Let’s visualize the user ratings and see if we can calculate each movie’s average rating and how many people have rated each movie. Both the number of ratings and the average ratings will be crucial in helping us sort out outliers in the future and make our suggestions more accurate.

The following line of code does all of the counting, adding, and averaging for us. Finally, we can put all of this valuable information in a DataFrame for future use. I’ll just round my mean ratings to one decimal point to represent the real-world movie rating systems:

reviews = data.groupby('title')['rating'].agg(['count','mean']).reset_index().round(1)

My DataFrame of ratings for the first ten rows:

‘count’ acts as our total number of reviews for each movie and mean is the ‘average’ ratings for each movie.

Great — we now have a couple of DataFrames with valuable information. Let’s move on to the computational part of this project.

All of the parts in step four revolve around the corrwith() function in Pandas. The corrwith() function is extremely useful for us since it can calculate the correlation between columns of two DataFrames.

To start, we must first make a DataFrame which consists of movie titles as the column and userId as the rows with the values of the DataFrame being the ratings of each viewer.

The reason why we do this is mainly due to the nature of the corrwith() function—but more specifically, the Pearson correlation coefficient. As stated above, using the Pearson correlation coefficients, the corrwith() function can calculate the similarity between two DataFrame columns. Thus, we want the movie titles as columns so that we can take one column (which represents one movie) and compare it with the others. We also need to have user ratings as the values of our DataFrame because our final goal is to compare the similarity between how each user rated the different movies, and then use the highest similarities to suggest movie recommendations.

The code below will create such DataFrame. This line of code may take a while for the computer to execute as we are taking all of the 25 million movie reviews and all of the movie titles in our dataset and combining them to creating a whole new DataFrame (of course this depends on what computer you have and what dataset you’re working with). For me, it took around five minutes maximum for my first time making this DataFrame.

movies = pd.crosstab(data['userId'], data['title'], values = data['rating'], aggfunc = 'sum')

Now, we can input three of our most favorite movies to start generating some correlations between movies. Technically, you can choose whatever number of movies you want for your most favorite movies.

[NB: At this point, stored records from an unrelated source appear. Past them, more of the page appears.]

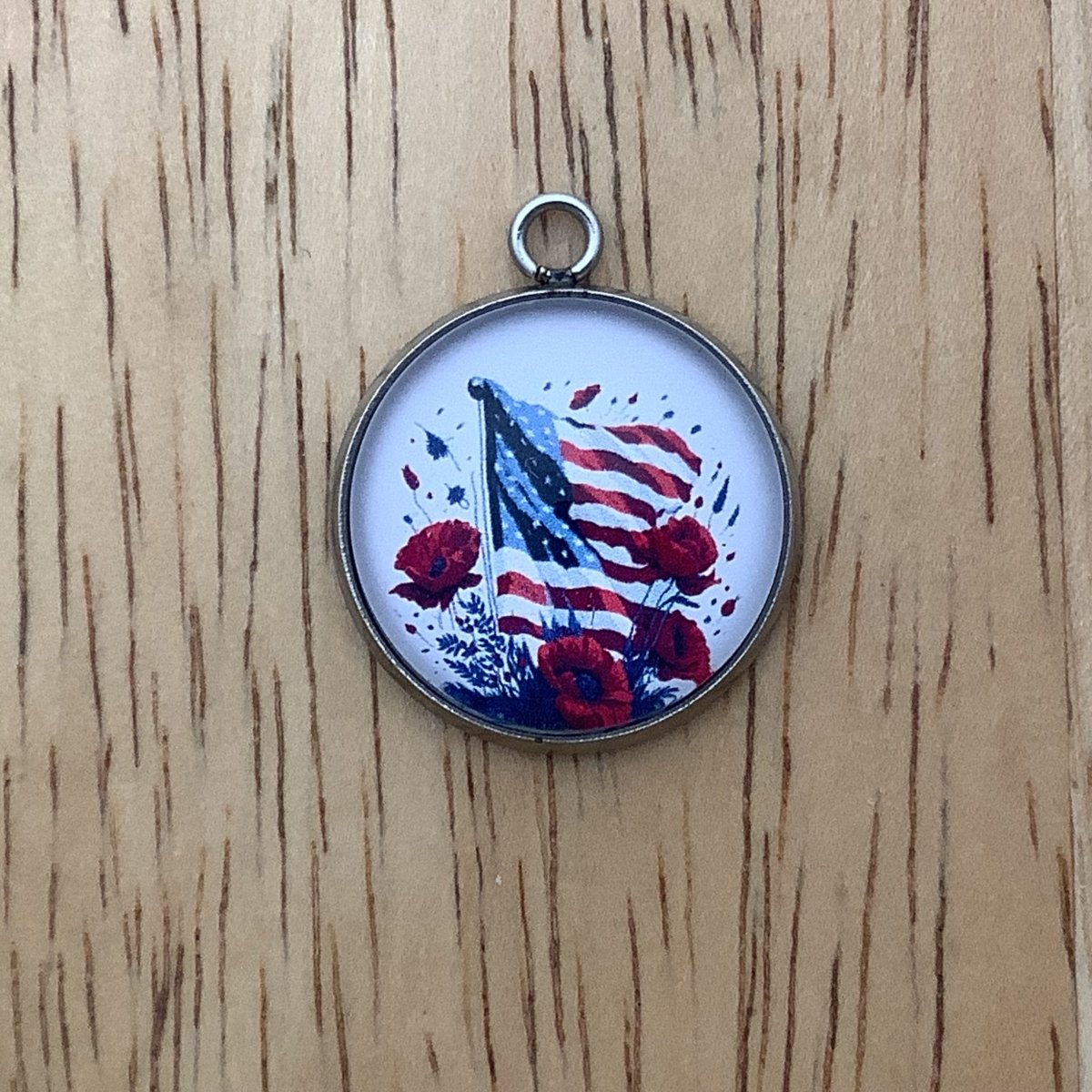 charm featuring a United States Flag and poppies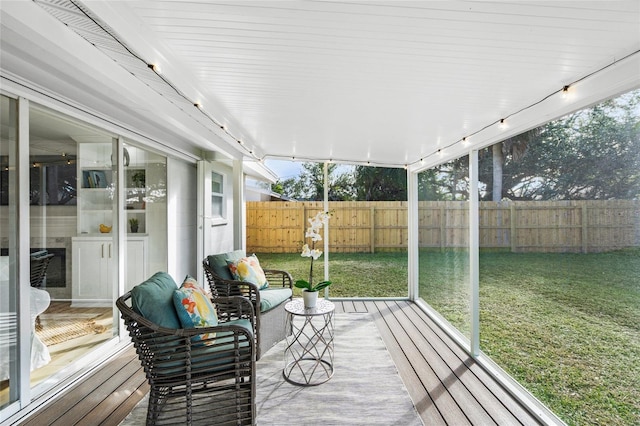 sunroom / solarium featuring a wealth of natural light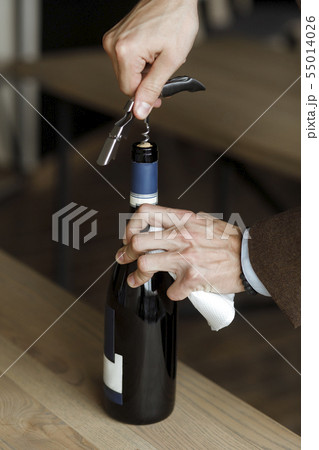 Hands of man opening bottle of wine Hands of man opening bottle of wine 55014026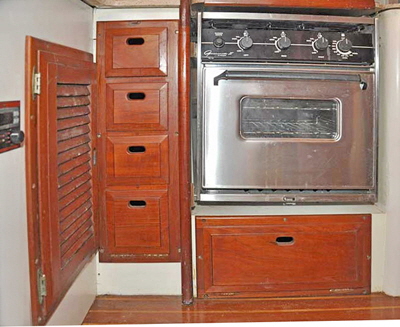 A new stainless steel stove was installed and the cupboards brough forward to be in line with the rest of the panelling.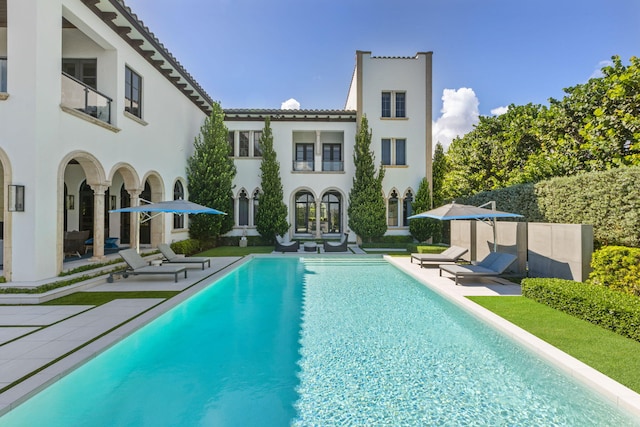 view of swimming pool with a patio area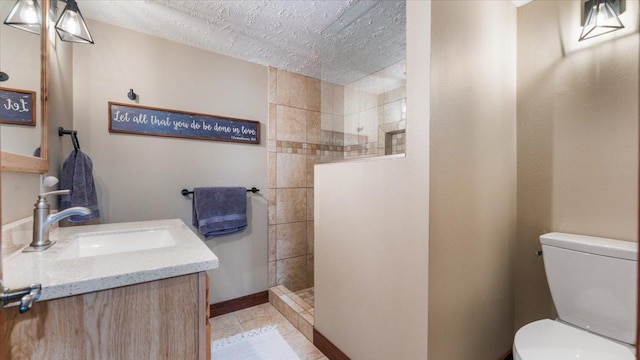 12468 Hermosa Beach Rd NW, Alexandria, MN 56308 - bathroom with walk in shower, vanity, toilet, a textured ceiling, and baseboards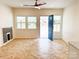 Bright living room with hardwood floors, a fireplace, and an open floor plan at 123 Oak St, Chester, SC 29706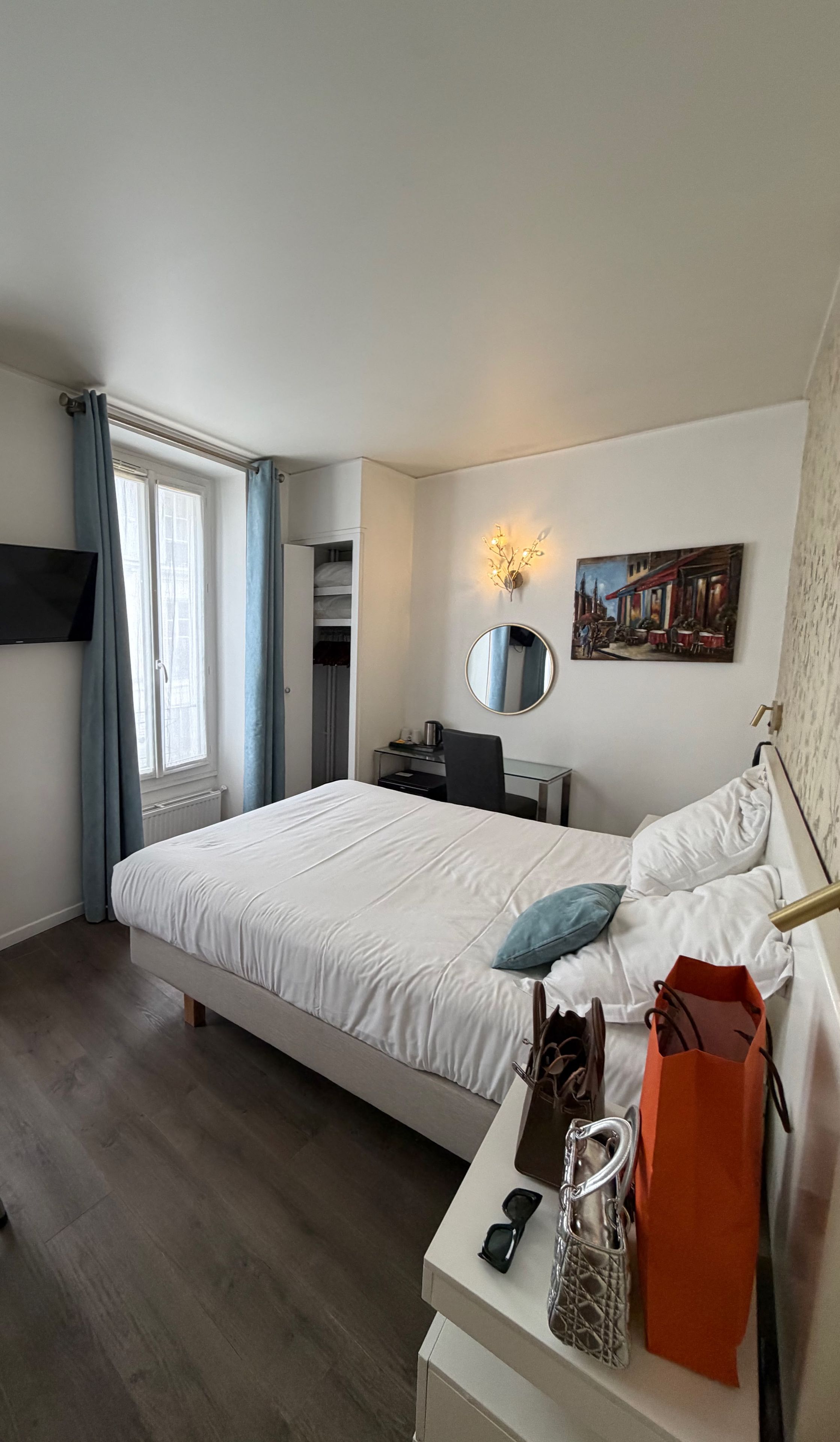 Una habitación de hotel con cama, escritorio, silla y un cuadro en la pared.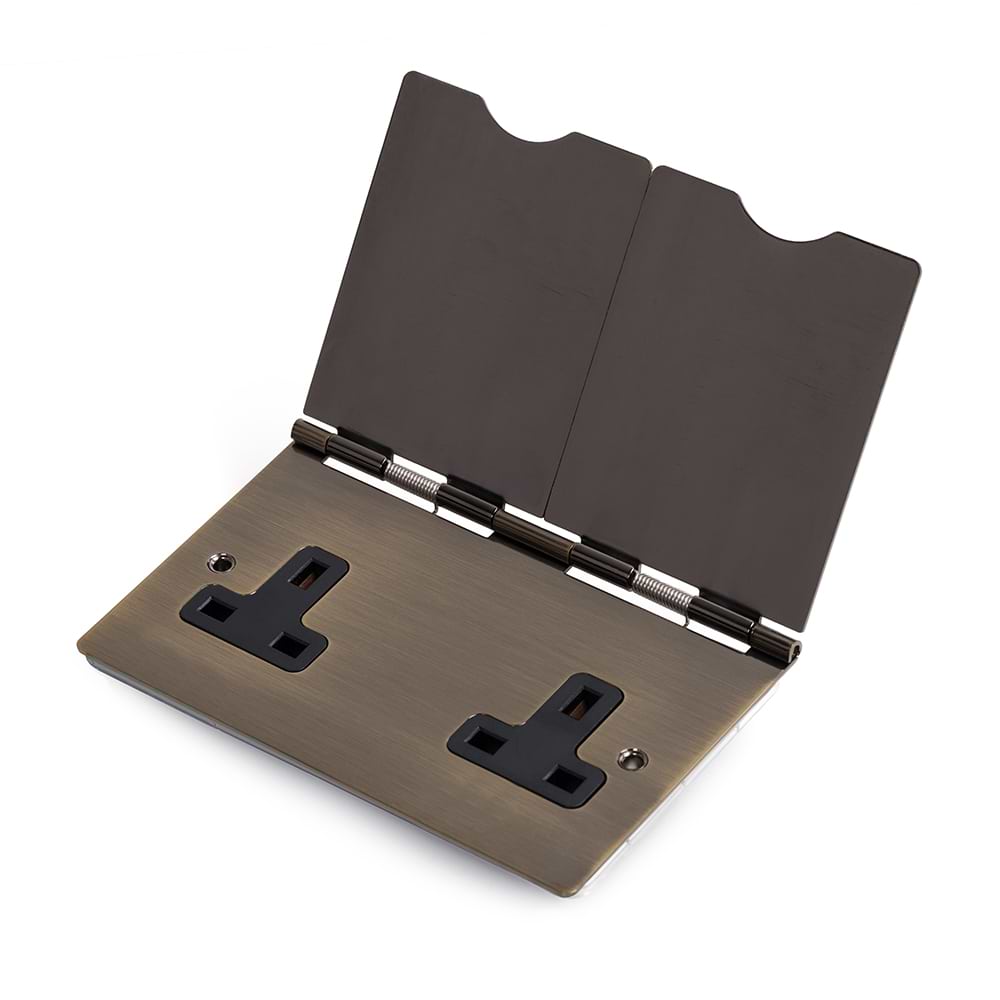 The Charterhouse Collection 13A 2Gang Floor Socket Blk Ins Antique Brass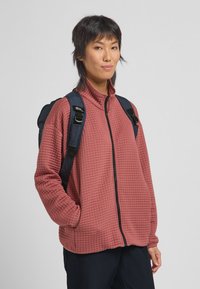 Gequilte koraalfleece jas met hoge kraag, volledige ritssluiting en zijzakken, gedragen met een donkere rugzak.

However, I would recommend only choosing a maximum of five movies that have similar genres so the algorithm can perform optimally.

I used an array of strings which keeps my code to a minimum as opposed to setting three of my favorite movies to three separate strings.

userInput = ["Inception (2010)", "Interstellar (2014)", "Arrival (2016)"]

Inception (2010), Interstellar (2014), and Arrival (2016) were my top three most favorite movies of all-time. Notice that we need to put the release date of the movie at the end. Essentially, we’re mimicking the format of the movie names (or column names) in our movies DataFrame so that the computer can accurately find the right movie column based on our name.

Let’s start calculating some correlations using the corrwith() function. It begins by finding the correlation of our first inputted movie and the first movie column in the movies DataFrame. Then it repeats this process for all of the movie titles in the movies DataFrame — in other words, we’ll repeat this process for every movie in our MovieLens dataset. You might get a runtime warning in your code, but for now, we can ignore that, and everything will still run perfectly fine.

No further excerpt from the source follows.